Anonymous Anonyme s'est arrêté(e) pour réfléchir...

Réaction? Le souffle coupé!

Miss Patata

10:32 p.m.  
Blogger Mamathilde s'est arrêté(e) pour réfléchir...

Miss Patata : Tu devrais voir le sourire de satisfaction éclairer mon visage! Très contente de t'avoir eue.

9:19 a.m.  
Anonymous Anonyme s'est arrêté(e) pour réfléchir...

Droit dans le front, celle là. Hell yeah que j'aime ça me faire avoir de même. Encore ! Encore !
Tu as un talent fou, fou, fou, mais ça, je le dis souvent.
Ce que je dis moins souvent, c'est que mon gros secret, c'est de pondre ceci. Des histoires comme celles-là. Parce qu'elles sont. À la hauteur. Et bonnes. Et qu'on en redemande.

3:11 p.m.  
Blogger La Souris (Marie-Ève Landry) s'est arrêté(e) pour réfléchir...

Écriture différente ici... fait changement! :)

Tu n'écris pas pareil quand tu ne t'inspire pas de ta vie.

5:53 p.m.  
Blogger Mamathilde s'est arrêté(e) pour réfléchir...
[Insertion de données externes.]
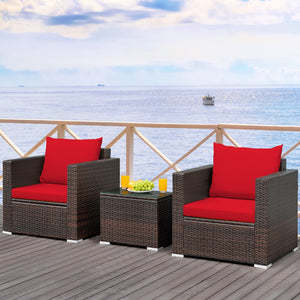Made of sturdy steel and premium rattan  the sofa set is sturdy and durable which can be used for a long time. Â  Comes with a tempered glass top table  not only can you place some drinks or snacks on the hard tabletop to take conveniently but also some d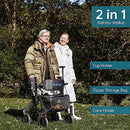 ELENKER ALL-TERRAIN 2IN1 ROLLATOR WALKER TRANSPORT CHAIR FOLDING - GREEN - Like New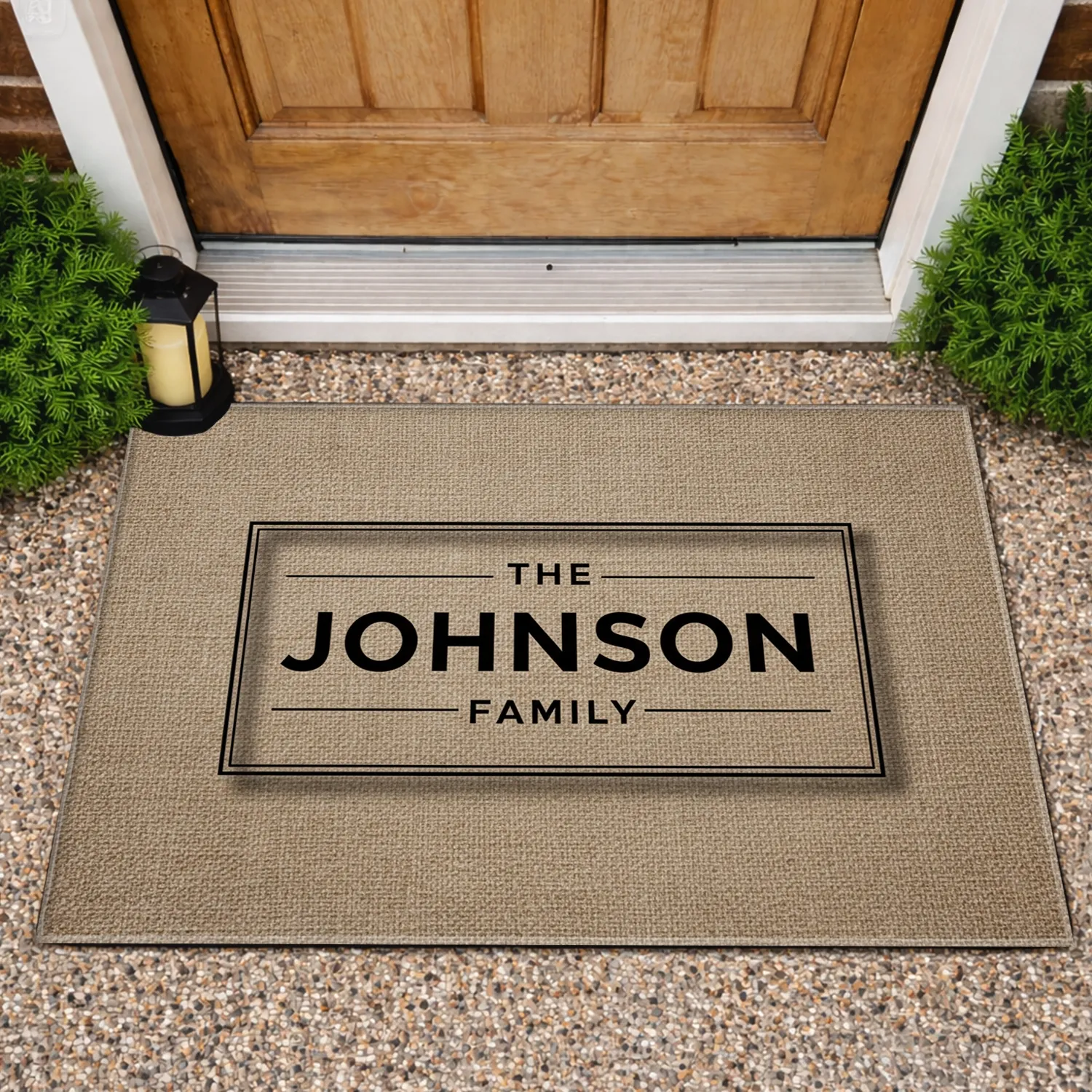 Custom Family Name Rustic Textured Material - Elegant Farmhouse Decor Gift Doormat - 1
JM : T'es super fine! Et je suis vraiment satisfaite de t'avoir eue, comme tu dis.

Prochain objectif, te faire rire autant que tu me fais rire!

La Souris : Le plus drôle, c'est que c'est une histoire inspirée d'un fait réel. Tout tordu soit, mais d'un fait réel pareil.

Obni : Merci, j'ai eu beaucoup de plaisir à respecter la contrainte que tu avais laisser traîner sur ton blogue.

10:00 a.m.  
Blogger La Souris (Marie-Ève Landry) s'est arrêté(e) pour réfléchir...

Quoi, t'es paraplégique à cause d'une agression? Tu le caches bien! ;)

4:55 p.m.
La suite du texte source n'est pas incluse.